Sahana-Ramdurg commented 3 years ago

@ramya-rao-a Thanks a lot for your reply. We have created support ticket - 2103120060003217

chradek commented 3 years ago

Unfortunately I haven't been able to reproduce this issue. We're going to close this issue due to inactivity, but if someone encounters it again please open a new issue and if possible provide logs by setting the DEBUG environment variable to DEBUG=azure*,rhea*,-rhea:raw,-rhea:message,-azure:core-amqp:datatransformer

chradek commented 3 years ago

Reopening as we've finally been able to reproduce this issue in one of our testing environments and I was able to track down what is happening.

So, the error that occurs is TypeError: Cannot read property 'process' of undefined. This is being thrown from rhea's Connection.prototype._process method when iterating over the local session channels:

for (var k in this.local_channel_map) {
  this.local_channel_map[k]._process(); // <-- This is where the error is thrown
}

This looks like it should be completely safe at first glance. If we have 3 sessions on the connection, we'll iterate over them from the local_channel_map and call _process() on each one. If for some reason a session is deleted from this.local_channel_map, it isn't a big deal because the for..in is smart enough to skip deleted members.

However, there is also Connection.prototype.remove_all_sessions which we end up calling in our disconnected logic. It completely replaces this.local_channel_map:

Connection.prototype.remove_all_sessions = function() {
  this.remote_channel_map = {};
  this.local_channel_map = {}; // <-- Goodbye old object!
};

I did notice this when I investigated this error in the past and suspected the issue had to do with remove_all_sessions somehow, but couldn't figure out a code path where it actually would. This method would need to be invoked somehow while iterating over the local_channel_map inside the Connection.prototype._process method. This would lead to the error being thrown because the this.local_channel_map in the for statement would be a different object than this.local_channel_map in the for body. That didn't seem possible because rhea doesn't ever call remove_all_sessions, only we do in our SDKs in response to the disconnected event. I figured surely the disconnected event would need to wait for the for..in loop to complete before it could be emitted since that loop is synchronous and thus blocking.
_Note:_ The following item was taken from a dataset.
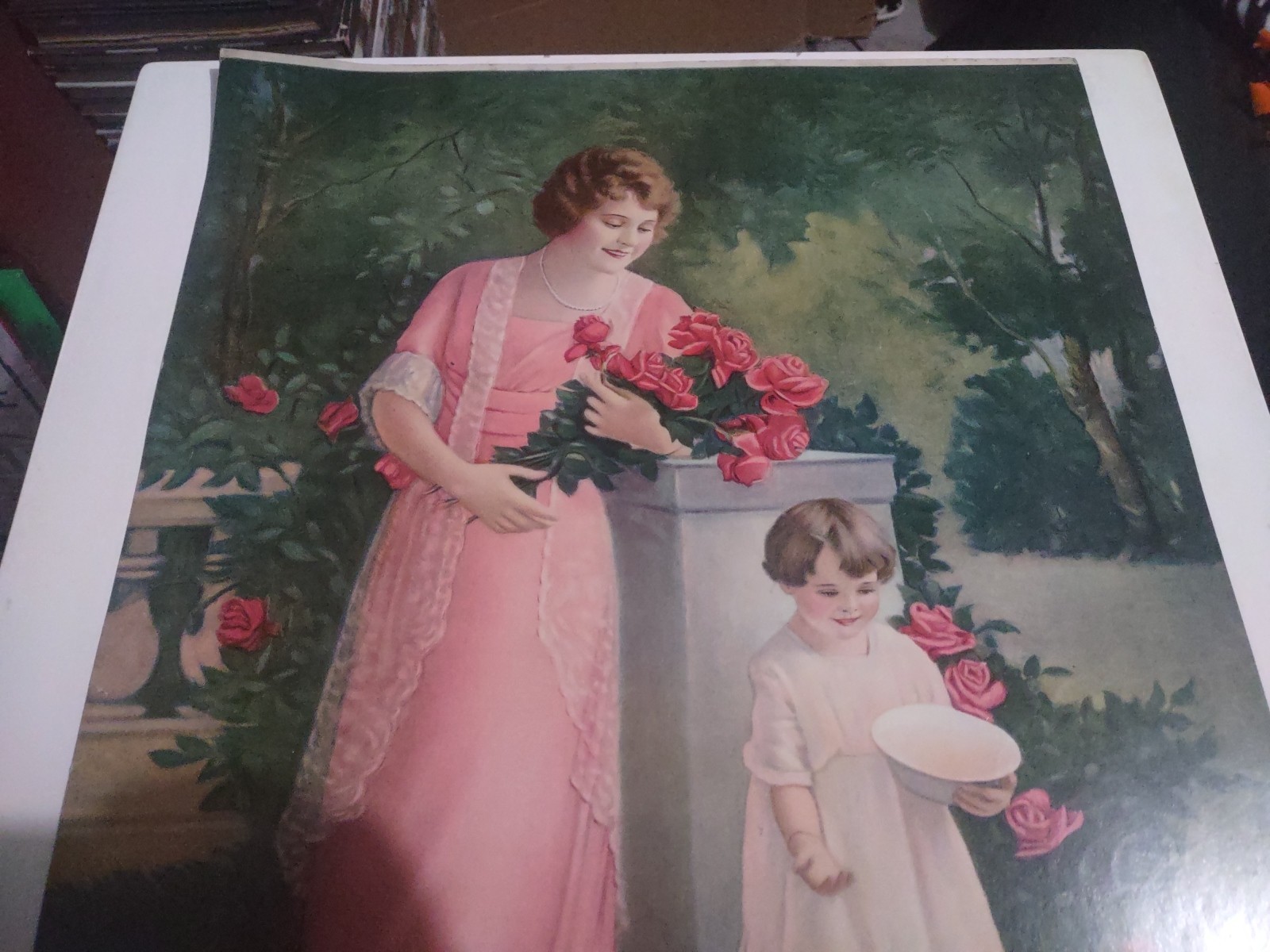 EARLY 1900’S VINTAGE CHROMOLITHOGRAPH PRINT YOUNG WOMAN & CHILD W/FLOWERS ROSES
Oh, but there's always a twist.

Just a quick reminder, this._local_channel_map contains Session objects. When _process is called on a session, that in turn calls _process on each of the session's links. If a link need to write something, such as a flow frame, rhea ends up calling transport.write on the connection, which takes any pending frames that need to be written and sends them over the socket.

This is where things get interesting. If the socket was already closed for some reason, we get a writeAfterEnd error, which the rhea connection immediately handles and emits the disconnected event. Note that this event is emited synchronously, so the call stack still shows this is all triggered from that session._process that was invoked. Finally, our SDK's disconnected event handler removes all the sessions not by deleting them individually (which would be safe), but by replacing the local_channel_map object via remove_all_sessions.

In our test that is failing, we're calling connection.idle, which will cause the socket to end. I suspect that the users who see this would also have encountered the idle timeout at just the right moment for this sequence of events to occur, but really anything that causes the socket to be put in a closed state at the right time could lead to this.

So, how do we fix it?

The most straightforward way would be by updating rhea. There are 2 options:

  1. Update remove_all_sessions so that it deletes all the keys in the channel maps explicitly rather than overwriting the maps with new empty objects.
  2. Update _process to hold a reference to this._local_channel_map and use the same reference in both the for..in statement and the body of the for loop.

My vote would actually be to do both for total safety. The 1 issue we're going to run into is rhea has had a major version bump, so we'll either need to hotfix rhea 1.x, or absorb the breaking change present in rhea 2.x.